If a line in the data below holds the word "Sport", copy it.

[Extracted data entries]
★ ★ ★ ★ ★ ★ ★

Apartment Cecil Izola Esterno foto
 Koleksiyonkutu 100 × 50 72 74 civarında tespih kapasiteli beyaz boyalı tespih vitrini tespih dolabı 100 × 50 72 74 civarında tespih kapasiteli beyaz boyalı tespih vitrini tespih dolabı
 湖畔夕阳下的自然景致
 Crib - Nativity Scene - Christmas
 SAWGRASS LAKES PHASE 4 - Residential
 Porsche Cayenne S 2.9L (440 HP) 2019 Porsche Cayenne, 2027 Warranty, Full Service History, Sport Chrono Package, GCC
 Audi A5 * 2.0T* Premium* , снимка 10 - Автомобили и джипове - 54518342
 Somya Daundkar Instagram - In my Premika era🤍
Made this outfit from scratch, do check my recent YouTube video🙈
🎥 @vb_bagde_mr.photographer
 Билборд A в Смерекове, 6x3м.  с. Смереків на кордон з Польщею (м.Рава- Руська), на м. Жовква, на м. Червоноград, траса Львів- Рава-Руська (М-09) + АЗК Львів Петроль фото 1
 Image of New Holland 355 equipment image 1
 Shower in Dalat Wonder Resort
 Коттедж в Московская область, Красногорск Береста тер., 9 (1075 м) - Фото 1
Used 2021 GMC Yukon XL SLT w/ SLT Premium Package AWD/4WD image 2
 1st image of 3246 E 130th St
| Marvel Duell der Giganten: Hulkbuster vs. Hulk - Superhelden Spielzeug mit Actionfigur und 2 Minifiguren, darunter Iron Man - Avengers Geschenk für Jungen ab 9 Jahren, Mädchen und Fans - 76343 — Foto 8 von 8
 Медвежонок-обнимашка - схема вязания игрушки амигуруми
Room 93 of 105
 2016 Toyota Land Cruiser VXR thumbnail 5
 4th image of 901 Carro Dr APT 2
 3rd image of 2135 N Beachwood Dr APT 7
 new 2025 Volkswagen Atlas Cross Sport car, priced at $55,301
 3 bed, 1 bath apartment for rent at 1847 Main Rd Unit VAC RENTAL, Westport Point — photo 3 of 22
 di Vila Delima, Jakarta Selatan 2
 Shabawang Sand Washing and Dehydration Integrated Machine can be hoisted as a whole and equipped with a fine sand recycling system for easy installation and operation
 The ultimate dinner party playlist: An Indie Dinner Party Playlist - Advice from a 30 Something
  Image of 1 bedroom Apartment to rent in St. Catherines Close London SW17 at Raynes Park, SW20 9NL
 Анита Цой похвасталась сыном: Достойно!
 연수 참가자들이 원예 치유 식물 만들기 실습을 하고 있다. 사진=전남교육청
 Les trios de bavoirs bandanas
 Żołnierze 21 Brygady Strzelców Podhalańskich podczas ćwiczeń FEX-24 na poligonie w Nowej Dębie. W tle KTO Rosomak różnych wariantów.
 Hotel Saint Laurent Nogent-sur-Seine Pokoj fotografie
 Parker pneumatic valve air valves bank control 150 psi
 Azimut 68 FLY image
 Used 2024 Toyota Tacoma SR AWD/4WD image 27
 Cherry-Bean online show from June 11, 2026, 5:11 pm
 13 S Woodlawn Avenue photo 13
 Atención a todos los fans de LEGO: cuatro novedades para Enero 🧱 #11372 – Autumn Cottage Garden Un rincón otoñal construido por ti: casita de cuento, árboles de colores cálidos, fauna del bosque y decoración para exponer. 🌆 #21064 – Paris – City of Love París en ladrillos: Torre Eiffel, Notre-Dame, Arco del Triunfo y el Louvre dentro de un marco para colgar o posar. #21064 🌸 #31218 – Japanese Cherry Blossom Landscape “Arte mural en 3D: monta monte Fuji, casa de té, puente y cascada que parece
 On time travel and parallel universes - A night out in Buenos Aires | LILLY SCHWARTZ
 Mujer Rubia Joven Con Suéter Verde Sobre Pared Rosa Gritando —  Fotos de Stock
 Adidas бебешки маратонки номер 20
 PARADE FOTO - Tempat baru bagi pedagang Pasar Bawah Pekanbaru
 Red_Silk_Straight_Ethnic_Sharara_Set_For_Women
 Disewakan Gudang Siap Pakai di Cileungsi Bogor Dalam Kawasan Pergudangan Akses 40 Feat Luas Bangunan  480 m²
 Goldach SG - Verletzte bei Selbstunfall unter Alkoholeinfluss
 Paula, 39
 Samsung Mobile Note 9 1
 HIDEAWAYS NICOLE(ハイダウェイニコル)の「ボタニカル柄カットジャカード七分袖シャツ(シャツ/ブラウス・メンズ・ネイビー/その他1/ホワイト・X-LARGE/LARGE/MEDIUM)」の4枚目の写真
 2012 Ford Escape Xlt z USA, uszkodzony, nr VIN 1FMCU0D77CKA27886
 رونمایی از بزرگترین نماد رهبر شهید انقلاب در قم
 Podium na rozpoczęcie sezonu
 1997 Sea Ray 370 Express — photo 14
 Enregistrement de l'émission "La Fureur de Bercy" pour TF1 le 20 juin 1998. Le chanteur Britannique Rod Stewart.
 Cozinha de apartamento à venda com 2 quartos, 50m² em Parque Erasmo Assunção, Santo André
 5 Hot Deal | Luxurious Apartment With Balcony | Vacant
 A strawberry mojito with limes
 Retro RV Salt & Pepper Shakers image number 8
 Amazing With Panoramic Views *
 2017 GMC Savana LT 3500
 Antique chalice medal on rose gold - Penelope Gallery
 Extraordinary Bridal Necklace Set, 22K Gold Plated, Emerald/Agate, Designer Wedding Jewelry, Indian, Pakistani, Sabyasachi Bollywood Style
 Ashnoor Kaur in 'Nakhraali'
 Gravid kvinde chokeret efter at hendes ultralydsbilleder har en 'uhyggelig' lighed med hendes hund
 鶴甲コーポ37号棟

★ ★ ★ ★ ★ ★ ★

**Answer to this problem**
 Porsche Cayenne S 2.9L (440 HP) 2019 Porsche Cayenne, 2027 Warranty, Full Service History, Sport Chrono Package, GCC
 new 2025 Volkswagen Atlas Cross Sport car, priced at $55,301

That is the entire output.